Each entry must appear in the answer exactly as given.

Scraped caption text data
————
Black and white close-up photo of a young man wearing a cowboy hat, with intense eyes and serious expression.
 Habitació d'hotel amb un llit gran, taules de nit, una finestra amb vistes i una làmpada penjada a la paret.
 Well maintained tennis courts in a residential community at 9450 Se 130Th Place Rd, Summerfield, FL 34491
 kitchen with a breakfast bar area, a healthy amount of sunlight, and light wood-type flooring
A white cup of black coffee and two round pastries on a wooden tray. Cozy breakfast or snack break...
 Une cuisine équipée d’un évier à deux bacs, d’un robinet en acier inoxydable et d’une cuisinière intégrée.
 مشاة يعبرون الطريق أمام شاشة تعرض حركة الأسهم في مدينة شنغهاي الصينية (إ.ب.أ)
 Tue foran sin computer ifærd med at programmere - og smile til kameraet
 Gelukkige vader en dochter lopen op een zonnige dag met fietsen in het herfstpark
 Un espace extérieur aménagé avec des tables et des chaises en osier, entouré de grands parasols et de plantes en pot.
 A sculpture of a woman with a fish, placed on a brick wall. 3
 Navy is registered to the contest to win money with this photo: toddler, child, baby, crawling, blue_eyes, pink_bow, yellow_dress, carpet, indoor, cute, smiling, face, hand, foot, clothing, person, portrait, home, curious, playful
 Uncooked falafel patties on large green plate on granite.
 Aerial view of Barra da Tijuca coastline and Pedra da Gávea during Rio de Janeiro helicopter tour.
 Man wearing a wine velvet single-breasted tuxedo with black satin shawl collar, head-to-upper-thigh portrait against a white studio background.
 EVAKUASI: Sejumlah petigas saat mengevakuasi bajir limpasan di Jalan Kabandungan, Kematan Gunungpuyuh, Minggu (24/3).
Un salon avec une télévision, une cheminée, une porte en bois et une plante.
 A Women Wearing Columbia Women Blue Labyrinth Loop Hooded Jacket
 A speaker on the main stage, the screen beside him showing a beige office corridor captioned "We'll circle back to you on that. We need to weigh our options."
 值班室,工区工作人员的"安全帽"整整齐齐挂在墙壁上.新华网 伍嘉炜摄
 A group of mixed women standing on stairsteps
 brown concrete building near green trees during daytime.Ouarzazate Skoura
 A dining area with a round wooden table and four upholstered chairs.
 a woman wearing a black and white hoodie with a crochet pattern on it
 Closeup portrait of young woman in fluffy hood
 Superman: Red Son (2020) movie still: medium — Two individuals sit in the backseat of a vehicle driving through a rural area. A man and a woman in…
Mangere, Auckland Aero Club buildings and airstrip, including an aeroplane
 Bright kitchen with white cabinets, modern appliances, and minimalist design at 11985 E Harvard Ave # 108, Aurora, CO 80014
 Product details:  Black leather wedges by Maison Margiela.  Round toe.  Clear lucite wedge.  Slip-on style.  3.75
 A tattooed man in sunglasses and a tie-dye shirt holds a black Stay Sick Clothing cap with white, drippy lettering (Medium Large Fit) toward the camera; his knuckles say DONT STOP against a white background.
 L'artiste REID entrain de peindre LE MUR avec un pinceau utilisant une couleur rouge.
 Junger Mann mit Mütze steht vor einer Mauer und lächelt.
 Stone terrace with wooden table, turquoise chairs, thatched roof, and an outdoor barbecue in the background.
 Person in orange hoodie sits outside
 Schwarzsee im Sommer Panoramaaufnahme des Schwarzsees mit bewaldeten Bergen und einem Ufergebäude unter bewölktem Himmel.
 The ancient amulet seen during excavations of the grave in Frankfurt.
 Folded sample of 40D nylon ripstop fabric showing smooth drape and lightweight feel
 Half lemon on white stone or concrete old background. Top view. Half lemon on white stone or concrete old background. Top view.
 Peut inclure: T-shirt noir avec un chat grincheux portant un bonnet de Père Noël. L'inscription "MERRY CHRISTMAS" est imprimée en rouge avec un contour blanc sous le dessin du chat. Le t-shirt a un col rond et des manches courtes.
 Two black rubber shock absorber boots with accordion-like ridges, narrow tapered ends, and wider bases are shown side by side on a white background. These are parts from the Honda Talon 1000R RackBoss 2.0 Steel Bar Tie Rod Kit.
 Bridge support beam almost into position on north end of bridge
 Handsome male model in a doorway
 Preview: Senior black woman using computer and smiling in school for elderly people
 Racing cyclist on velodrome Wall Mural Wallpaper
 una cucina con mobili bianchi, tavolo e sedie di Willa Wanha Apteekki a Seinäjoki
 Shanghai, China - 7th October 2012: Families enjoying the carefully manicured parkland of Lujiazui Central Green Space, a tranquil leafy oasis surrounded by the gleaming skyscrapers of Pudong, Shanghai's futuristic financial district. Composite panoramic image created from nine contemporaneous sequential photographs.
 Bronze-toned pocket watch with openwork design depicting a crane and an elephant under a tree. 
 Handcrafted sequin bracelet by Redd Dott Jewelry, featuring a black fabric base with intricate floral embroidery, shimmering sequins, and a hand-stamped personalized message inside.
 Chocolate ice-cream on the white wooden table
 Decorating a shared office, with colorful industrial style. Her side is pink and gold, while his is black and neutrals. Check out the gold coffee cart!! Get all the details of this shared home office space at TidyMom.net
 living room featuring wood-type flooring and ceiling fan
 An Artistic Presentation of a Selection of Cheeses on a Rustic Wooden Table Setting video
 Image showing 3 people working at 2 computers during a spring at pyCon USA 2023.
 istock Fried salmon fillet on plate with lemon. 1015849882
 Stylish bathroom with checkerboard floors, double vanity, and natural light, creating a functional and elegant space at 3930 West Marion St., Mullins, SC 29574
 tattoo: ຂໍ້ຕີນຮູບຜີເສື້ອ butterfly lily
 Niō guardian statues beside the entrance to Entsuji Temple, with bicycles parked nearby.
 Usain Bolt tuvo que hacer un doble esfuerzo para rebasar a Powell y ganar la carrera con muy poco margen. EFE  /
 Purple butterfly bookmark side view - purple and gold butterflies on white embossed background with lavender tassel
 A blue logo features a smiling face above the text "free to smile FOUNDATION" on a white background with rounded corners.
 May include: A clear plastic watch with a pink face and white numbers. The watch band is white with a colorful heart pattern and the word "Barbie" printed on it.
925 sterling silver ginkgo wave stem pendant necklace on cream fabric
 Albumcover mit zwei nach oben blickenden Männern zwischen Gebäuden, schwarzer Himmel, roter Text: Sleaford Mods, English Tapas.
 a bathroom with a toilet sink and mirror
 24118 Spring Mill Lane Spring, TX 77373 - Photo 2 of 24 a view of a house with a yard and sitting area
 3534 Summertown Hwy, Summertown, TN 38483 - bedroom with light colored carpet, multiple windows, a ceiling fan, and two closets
————
FINISHED EXERCISE —
Black and white close-up photo of a young man wearing a cowboy hat, with intense eyes and serious expression.
 Habitació d'hotel amb un llit gran, taules de nit, una finestra amb vistes i una làmpada penjada a la paret.
 Well maintained tennis courts in a residential community at 9450 Se 130Th Place Rd, Summerfield, FL 34491
 kitchen with a breakfast bar area, a healthy amount of sunlight, and light wood-type flooring
A white cup of black coffee and two round pastries on a wooden tray. Cozy breakfast or snack break...
 Une cuisine équipée d’un évier à deux bacs, d’un robinet en acier inoxydable et d’une cuisinière intégrée.
 مشاة يعبرون الطريق أمام شاشة تعرض حركة الأسهم في مدينة شنغهاي الصينية (إ.ب.أ)
 Tue foran sin computer ifærd med at programmere - og smile til kameraet
 Gelukkige vader en dochter lopen op een zonnige dag met fietsen in het herfstpark
 Un espace extérieur aménagé avec des tables et des chaises en osier, entouré de grands parasols et de plantes en pot.
 A sculpture of a woman with a fish, placed on a brick wall. 3
 Navy is registered to the contest to win money with this photo: toddler, child, baby, crawling, blue_eyes, pink_bow, yellow_dress, carpet, indoor, cute, smiling, face, hand, foot, clothing, person, portrait, home, curious, playful
 Uncooked falafel patties on large green plate on granite.
 Aerial view of Barra da Tijuca coastline and Pedra da Gávea during Rio de Janeiro helicopter tour.
 Man wearing a wine velvet single-breasted tuxedo with black satin shawl collar, head-to-upper-thigh portrait against a white studio background.
 EVAKUASI: Sejumlah petigas saat mengevakuasi bajir limpasan di Jalan Kabandungan, Kematan Gunungpuyuh, Minggu (24/3).
Un salon avec une télévision, une cheminée, une porte en bois et une plante.
 A Women Wearing Columbia Women Blue Labyrinth Loop Hooded Jacket
 A speaker on the main stage, the screen beside him showing a beige office corridor captioned "We'll circle back to you on that. We need to weigh our options."
 值班室,工区工作人员的"安全帽"整整齐齐挂在墙壁上.新华网 伍嘉炜摄
 A group of mixed women standing on stairsteps
 brown concrete building near green trees during daytime.Ouarzazate Skoura
 A dining area with a round wooden table and four upholstered chairs.
 a woman wearing a black and white hoodie with a crochet pattern on it
 Closeup portrait of young woman in fluffy hood
 Superman: Red Son (2020) movie still: medium — Two individuals sit in the backseat of a vehicle driving through a rural area. A man and a woman in…
Mangere, Auckland Aero Club buildings and airstrip, including an aeroplane
 Bright kitchen with white cabinets, modern appliances, and minimalist design at 11985 E Harvard Ave # 108, Aurora, CO 80014
 Product details:  Black leather wedges by Maison Margiela.  Round toe.  Clear lucite wedge.  Slip-on style.  3.75
 A tattooed man in sunglasses and a tie-dye shirt holds a black Stay Sick Clothing cap with white, drippy lettering (Medium Large Fit) toward the camera; his knuckles say DONT STOP against a white background.
 L'artiste REID entrain de peindre LE MUR avec un pinceau utilisant une couleur rouge.
 Junger Mann mit Mütze steht vor einer Mauer und lächelt.
 Stone terrace with wooden table, turquoise chairs, thatched roof, and an outdoor barbecue in the background.
 Person in orange hoodie sits outside
 Schwarzsee im Sommer Panoramaaufnahme des Schwarzsees mit bewaldeten Bergen und einem Ufergebäude unter bewölktem Himmel.
 The ancient amulet seen during excavations of the grave in Frankfurt.
 Folded sample of 40D nylon ripstop fabric showing smooth drape and lightweight feel
 Half lemon on white stone or concrete old background. Top view. Half lemon on white stone or concrete old background. Top view.
 Peut inclure: T-shirt noir avec un chat grincheux portant un bonnet de Père Noël. L'inscription "MERRY CHRISTMAS" est imprimée en rouge avec un contour blanc sous le dessin du chat. Le t-shirt a un col rond et des manches courtes.
 Two black rubber shock absorber boots with accordion-like ridges, narrow tapered ends, and wider bases are shown side by side on a white background. These are parts from the Honda Talon 1000R RackBoss 2.0 Steel Bar Tie Rod Kit.
 Bridge support beam almost into position on north end of bridge
 Handsome male model in a doorway
 Preview: Senior black woman using computer and smiling in school for elderly people
 Racing cyclist on velodrome Wall Mural Wallpaper
 una cucina con mobili bianchi, tavolo e sedie di Willa Wanha Apteekki a Seinäjoki
 Shanghai, China - 7th October 2012: Families enjoying the carefully manicured parkland of Lujiazui Central Green Space, a tranquil leafy oasis surrounded by the gleaming skyscrapers of Pudong, Shanghai's futuristic financial district. Composite panoramic image created from nine contemporaneous sequential photographs.
 Bronze-toned pocket watch with openwork design depicting a crane and an elephant under a tree. 
 Handcrafted sequin bracelet by Redd Dott Jewelry, featuring a black fabric base with intricate floral embroidery, shimmering sequins, and a hand-stamped personalized message inside.
 Chocolate ice-cream on the white wooden table
 Decorating a shared office, with colorful industrial style. Her side is pink and gold, while his is black and neutrals. Check out the gold coffee cart!! Get all the details of this shared home office space at TidyMom.net
 living room featuring wood-type flooring and ceiling fan
 An Artistic Presentation of a Selection of Cheeses on a Rustic Wooden Table Setting video
 Image showing 3 people working at 2 computers during a spring at pyCon USA 2023.
 istock Fried salmon fillet on plate with lemon. 1015849882
 Stylish bathroom with checkerboard floors, double vanity, and natural light, creating a functional and elegant space at 3930 West Marion St., Mullins, SC 29574
 tattoo: ຂໍ້ຕີນຮູບຜີເສື້ອ butterfly lily
 Niō guardian statues beside the entrance to Entsuji Temple, with bicycles parked nearby.
 Usain Bolt tuvo que hacer un doble esfuerzo para rebasar a Powell y ganar la carrera con muy poco margen. EFE  /
 Purple butterfly bookmark side view - purple and gold butterflies on white embossed background with lavender tassel
 A blue logo features a smiling face above the text "free to smile FOUNDATION" on a white background with rounded corners.
 May include: A clear plastic watch with a pink face and white numbers. The watch band is white with a colorful heart pattern and the word "Barbie" printed on it.
925 sterling silver ginkgo wave stem pendant necklace on cream fabric
 Albumcover mit zwei nach oben blickenden Männern zwischen Gebäuden, schwarzer Himmel, roter Text: Sleaford Mods, English Tapas.
 a bathroom with a toilet sink and mirror
 24118 Spring Mill Lane Spring, TX 77373 - Photo 2 of 24 a view of a house with a yard and sitting area
 3534 Summertown Hwy, Summertown, TN 38483 - bedroom with light colored carpet, multiple windows, a ceiling fan, and two closets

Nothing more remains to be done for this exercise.